39

1.3K 159 5
                                    

"You don't have to be alone."--Without You by Seventeen

---

Lampu tengah sudah mati ketika Gavin membuka pintu dan masuk ke apartemen miliknya. Ia melepas sepatu lalu menaruh di lemari.

Kakinya melangkah menuju pantry. Membuka kulkas lalu mengambil sebotol air mineral dari sana untuk langsung diteguknya hingga tandas. Lantas menyandarkan tubuh pada pinggiran kitchen island sembari menatap tempelan yang berwarna-warni di kulkas hitamnya.

Ada dua buah foto polaroid yang tertempel disana. Foto Bea yang mencium pipi kanan Ditta yang sedang memasak dan foto dirinya yang tengah dirangkul Bea. Foto yang diambil pada malam pertama Ditta dan Gerry tinggal disana dan makan malam pertama mereka disana. Ditta yang memang suka fotografi mengabadikan momen tersebut. Awalnya Gavin ogah-ogahan namun Bea saat itu langsung berdiri dan merangkulnya yang duduk di kursi. Kamera yang dipegang oleh Gerry di arahkan pada mereka berempat. Walaupun agak shaky tapi Gavin bisa melihat keempatnya tersenyum lebar.

"Kamu udah pulang?"

Suara itu membuat Gavin langsung membalikkan badan. Matanya menemukan Bea yang berdiri tak jauh dari tempatnya berada. Gadis itu tampak mengucek matanya yang memerah.

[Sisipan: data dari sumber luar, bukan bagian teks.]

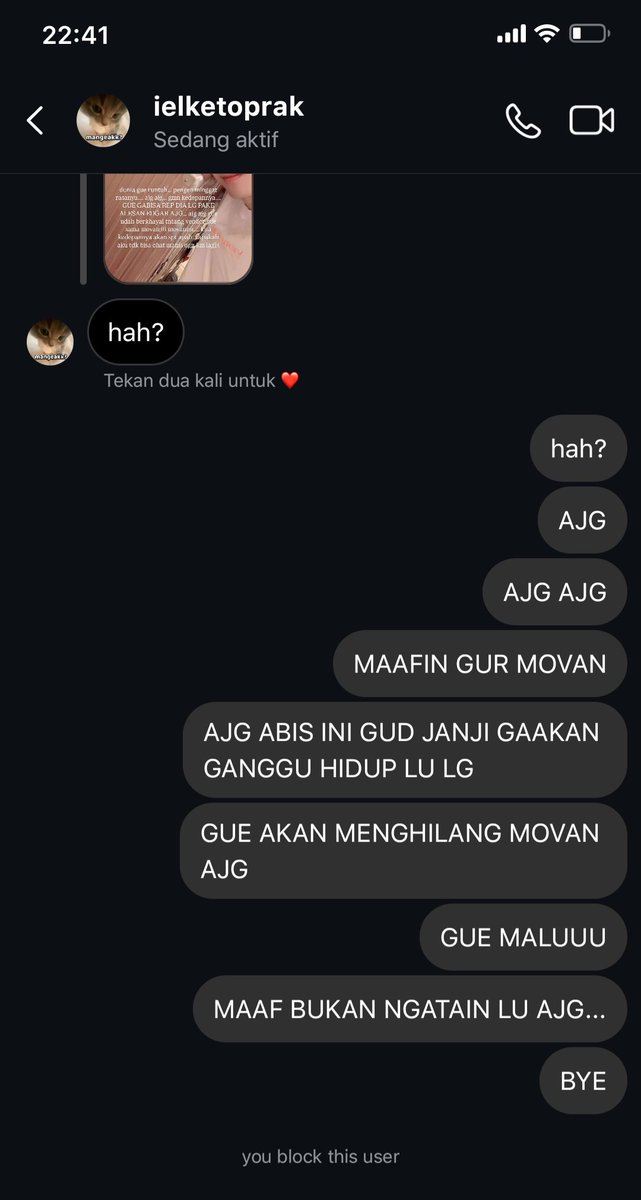 asellwonu's tweet photo. 26. dan yap kana dgn otak oon nya https://t.co/RaIvUq80oE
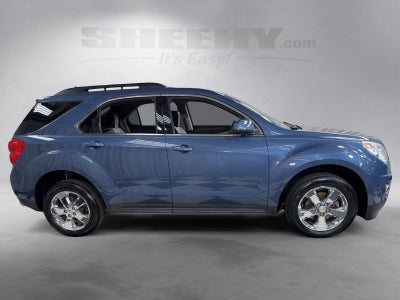 2012 Chevrolet Equinox LT 2LT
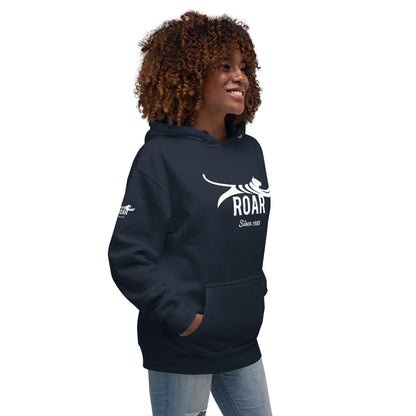 Roar Red Unisex Hoodie
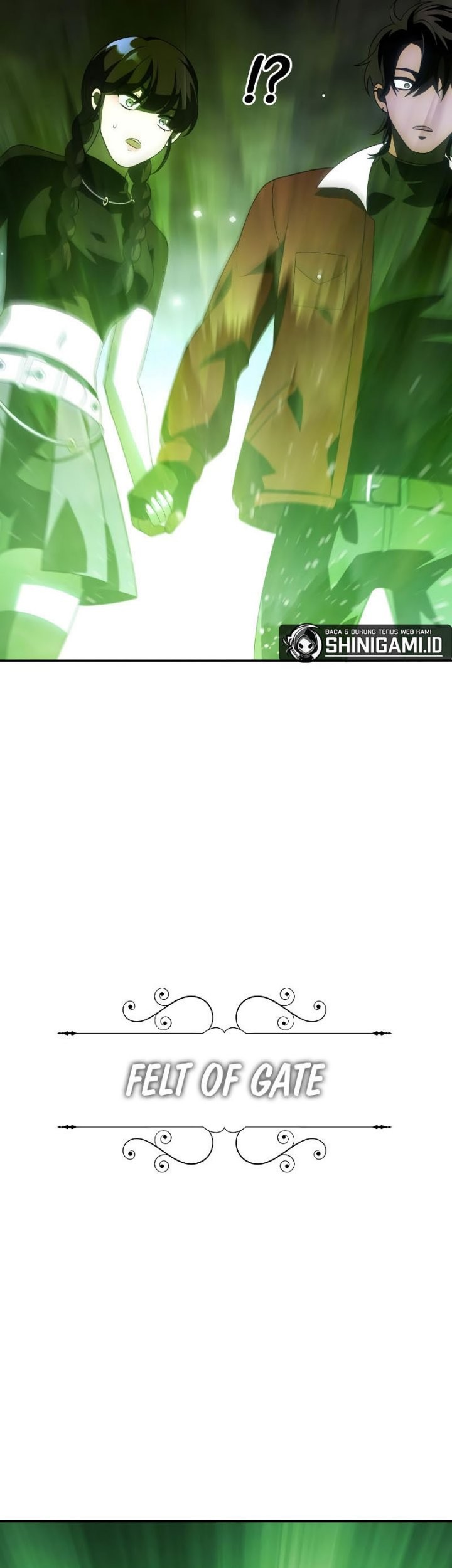 I Used To Be The Boss Chapter 39 - halaman 38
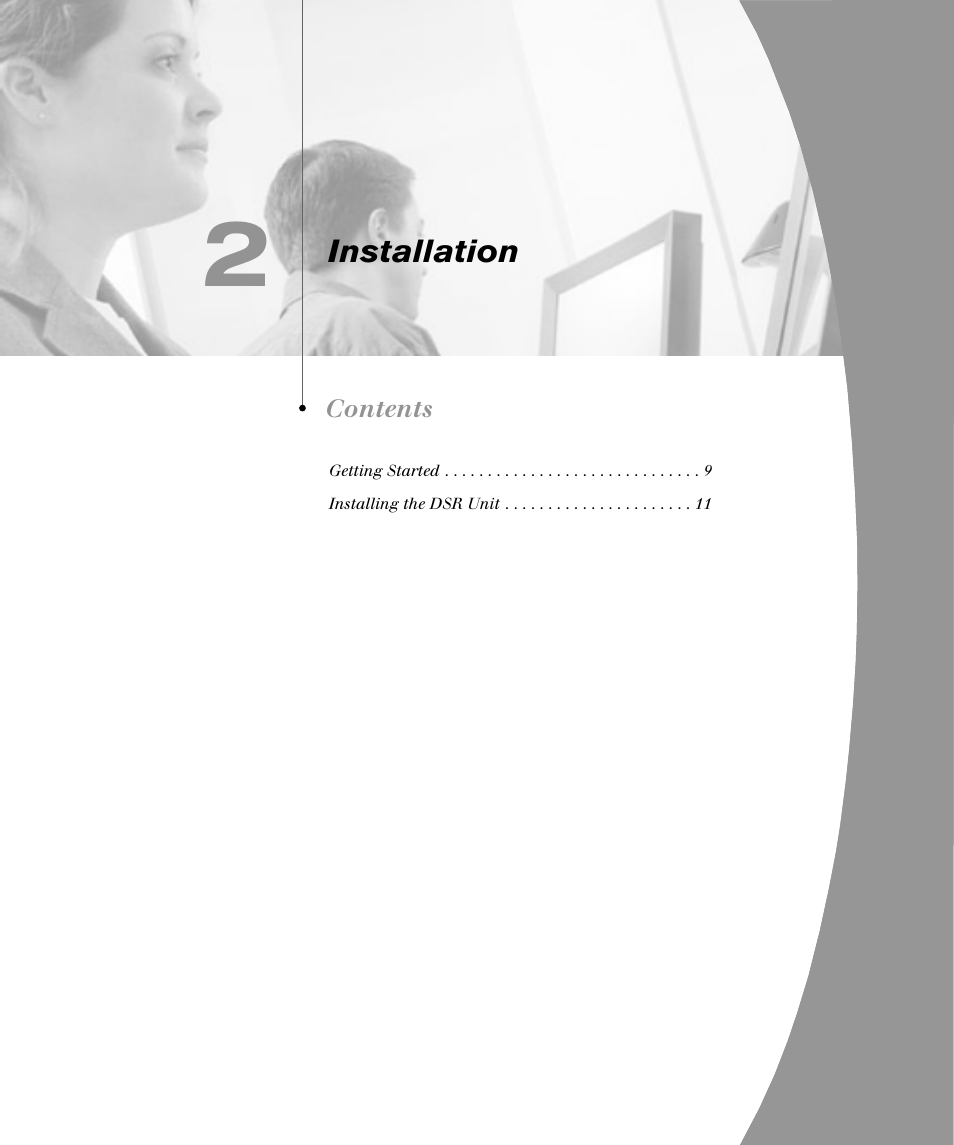 Avocent DSR1161 User Manual | Page 13 / 48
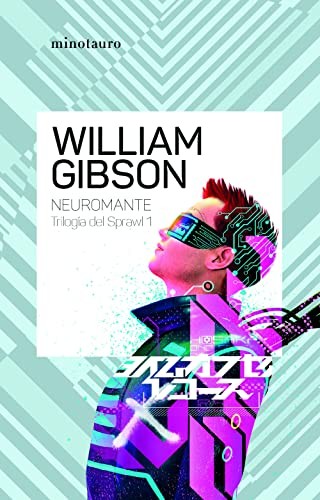 Neuromante (Paperback, Spanish language, Minotauro)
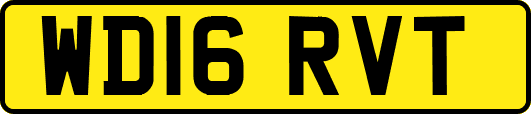 WD16RVT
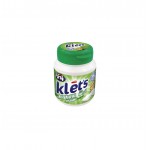 FINI CHICLE BOTE KLET´S HIERBABUENA S/A 70 GRAGEAS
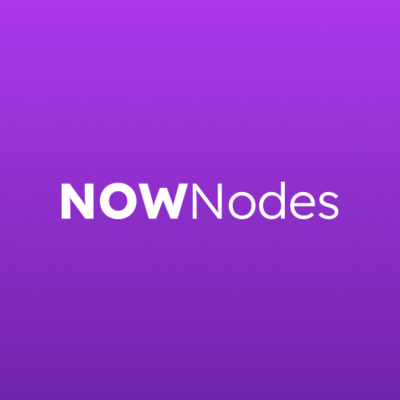 NOWNodes logo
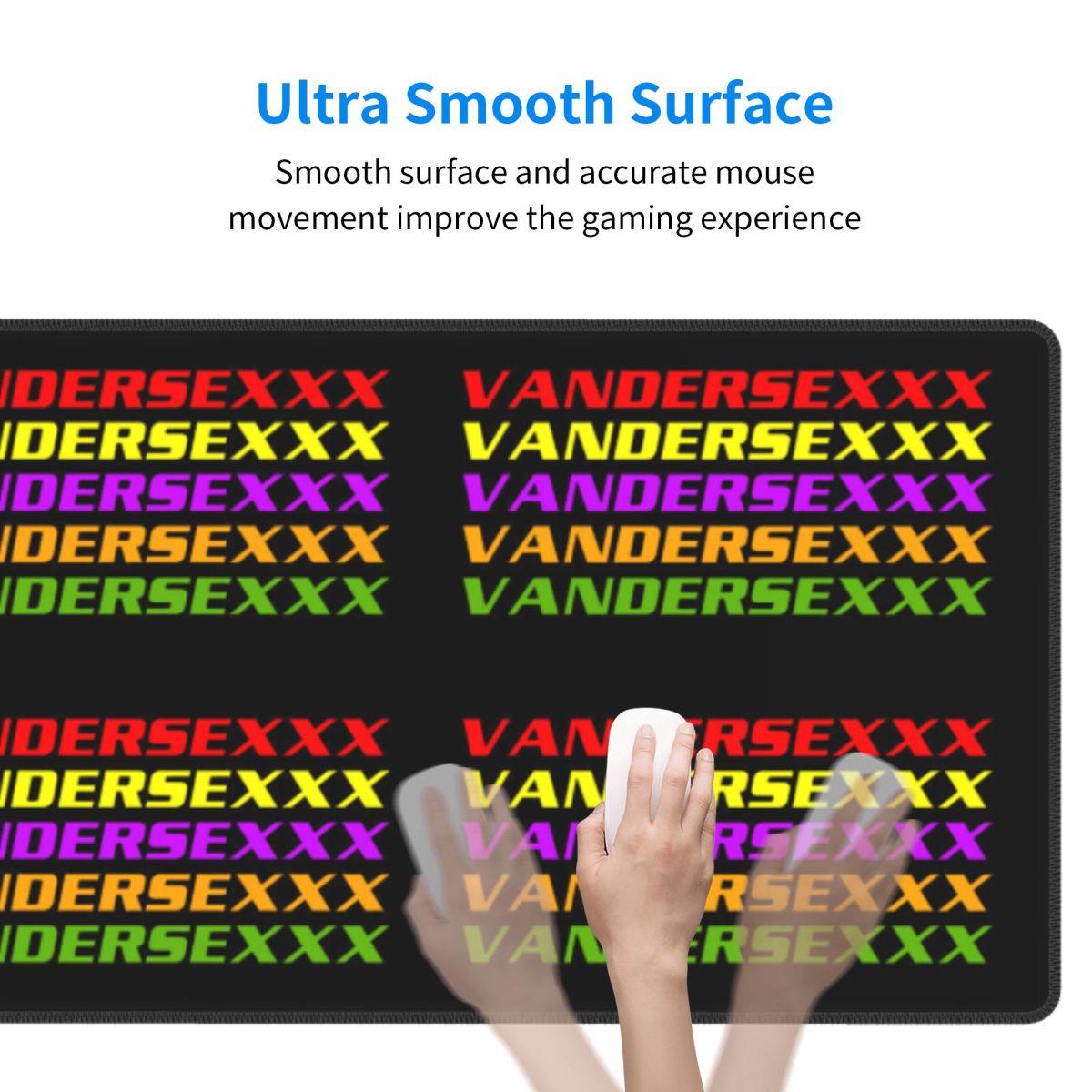 Large Mouse Pad Club Vandersex - Pc Gaming Club 评论和价格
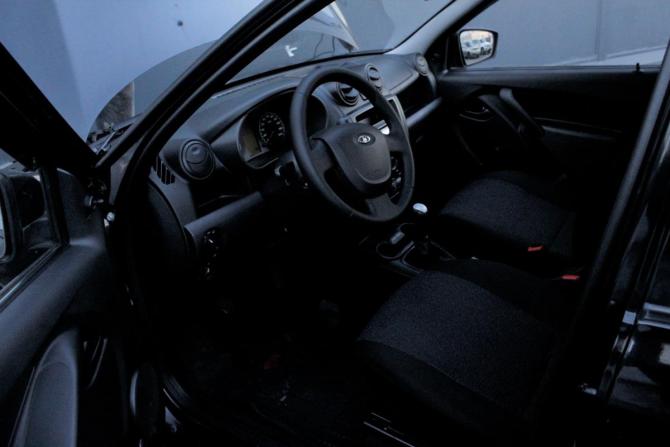 Lada (ВАЗ) Granta I с пробегом 2013 года, цена 430 000 рублей, 115914 км, седан, Автокод Объявления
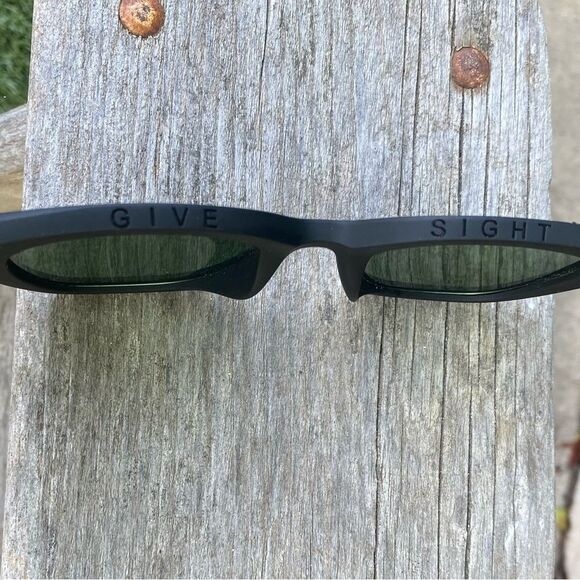 TOMS Women's Traveler Collection Black Matte Sydney Cat-Eye Sunglasses Retro - Picture 6 of 9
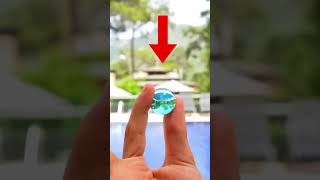 Sen Bu Bilyeyi Bulabilir Miydin?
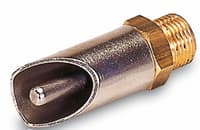 Abreuvoir sucette diam 25 3/4" pour porcins acier/cuivre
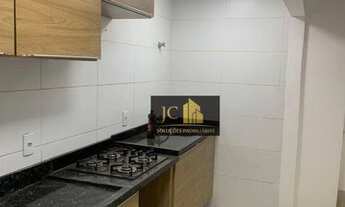 Imagem 5: Apartamento com 2 dormitórios para alugar, 50 m² por R$ 1.400/mês - Vicente Pires - Vicent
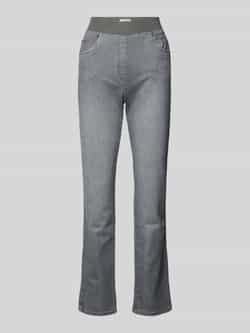Raphaela By Brax Jeans met elastische band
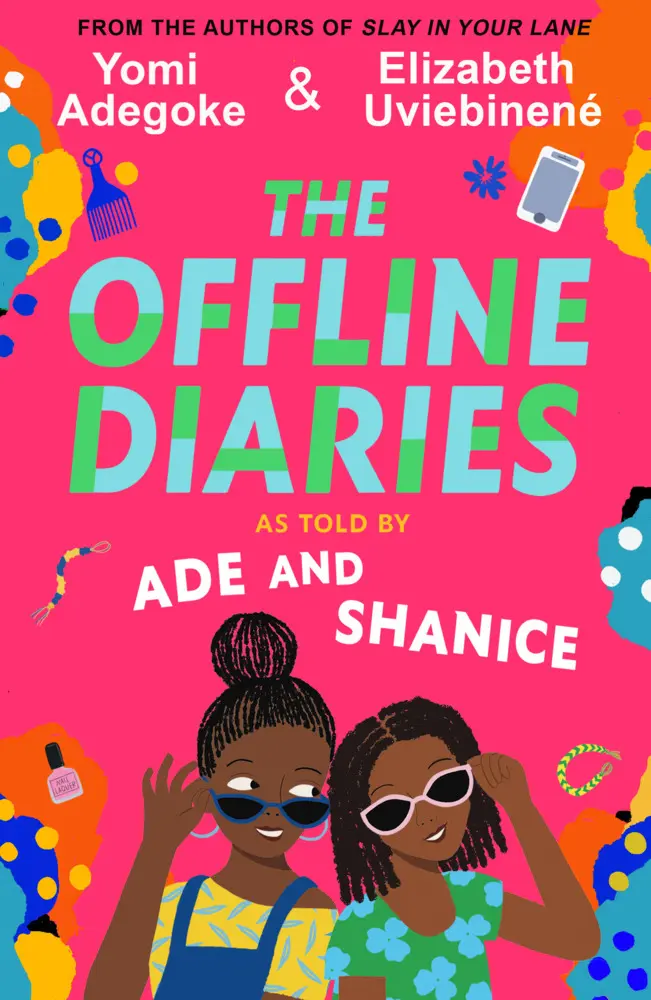 Cover: 9780008444778 | The Offline Diaries | Yomi Adegoke (u. a.) | Buch | Gebunden | 2022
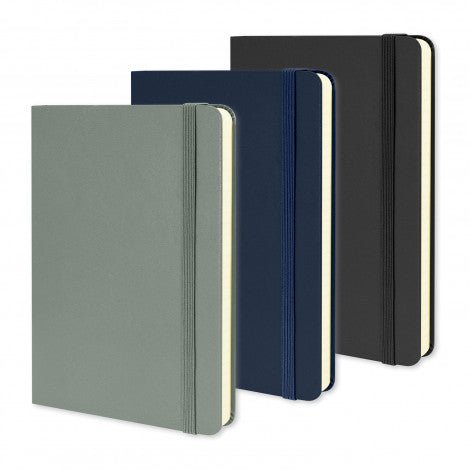 Moleskine Classic Hard Cover Notebook - Medium - Branding Evolution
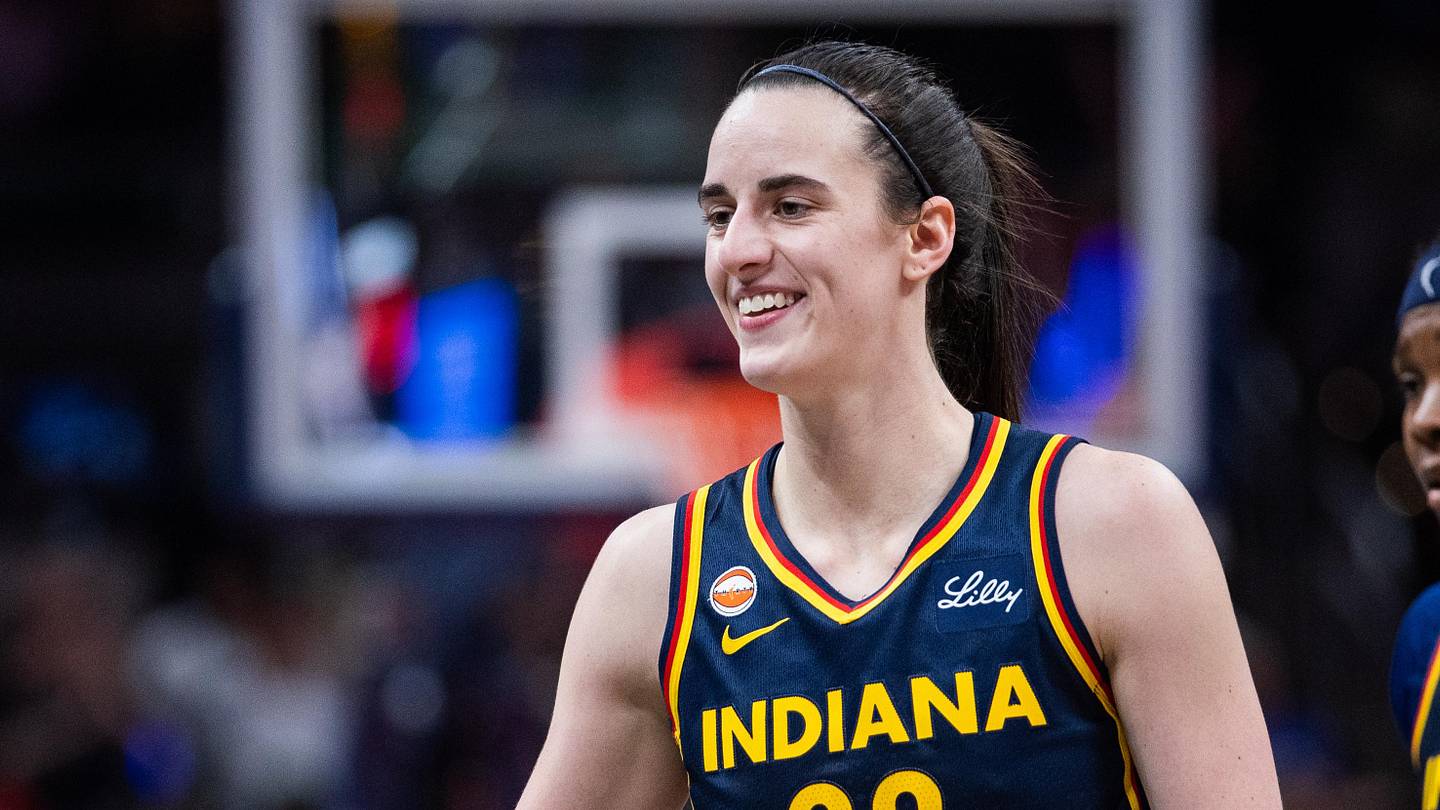 Caitlin Clark Adds to Absurd WNBA Record in Fever Win Over S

Gavin langsung melempar botol minum ke tempat sampah. Melangkah mendekati Bea yang kini sudah memakai pakaian tidurnya.

"Kamu kenapa belum tidur?"

Bea mengigit bibir bawahnya pelan. Matanya tampak ragu sebelum meringis pelan. "Aku sudah suruh Gerry pindah."

Jantungnya langsung mencelos. "Kamu nungguin aku?"

Anggukan kecil dari Bea menjadi jawaban. Gadis itu menatapnya linglung. "Soalnya tadi kamu bilang mau tidur sambil peluk aku."

Gumaman itu membuat senyum dibibir Gavin terbit walaupun rasa bersalah jadi ikut menyertai.

"Maaf ya kamu jadi nungguin aku."

Ia lalu membawa tubuh Bea dalam rangkulan. Melangkahkan kaki untuk kembali ke kamar.

"Gavin--"

"Hm?"

"Kenapa gak pake bantal?"

Pertanyaan itu membuat dada Gavin mendadak nyeri. Ingatan tentang apa yang pernah Bea lakukan dengan bantal tidak pernah pergi dari kepalanya. Kini gadis itu bertanya seolah-olah memang tidak pernah melakukan hal mengerikan seperti itu. Dirinya masih berusaha mencerna apakah Bea memang sedang berpura-pura dengan seapik ini.

"Kan ada lengan aku, Be."

"Tapi kenapa kita gak tidur pake bantal?"

Gavin melepas kaos miliknya. Meremas kain itu sembari mencari jawaban namun dirinya tidak tahu harus mengeluarkan alasan apa.

"Memangnya kamu gak mau pake lengan aku aja?"

Wajah Bea langsung memerah malu. Ia menggaruk pipinya lantas tertawa canggung.

"Bukan begitu--"

Laki-laki itu mendekat. Meraih wajah Bea untuk diusapnya pelan. "Aku bersih-bersih dulu ya. Gak lama. Abis itu aku langsung nyusul kamu."

Gadisnya mengangguk pelan. Gavin terkekeh lalu segera melangkah menuju kamar mandi untuk membersihkan diri. Secepat yang ia bisa seperti ucapannya pada Bea.

Tidak sampai lima belas menit, pintu kamar mandi kembali terbuka. Rambut dan tubuhnya sudah kembali kering. Ia hanya mengenakan celana tidur yang menggantung di pinggangnya yang ramping.

Ranjangnya yang ditutup bedcover berwarna abu-abu itu sudah diisi oleh Bea yang kini meringkuk. Pikirannya langsung melayang pada obrolannya bersama Sena beberapa jam lalu. Jauh didalam hatinya, ia tidak ingin orang lain apalagi di Abhyakta tahu siapa Bea dan bagaimana kondisinya. Tapi Gavin tahu bahwa ia tidak punya kapasitas yang lebih untuk mencari tahu semuanya sendirian atau berdua dengan Gerry. Gavin butuh orang yang lebih punya kuasa dan lebih punya uang tentunya.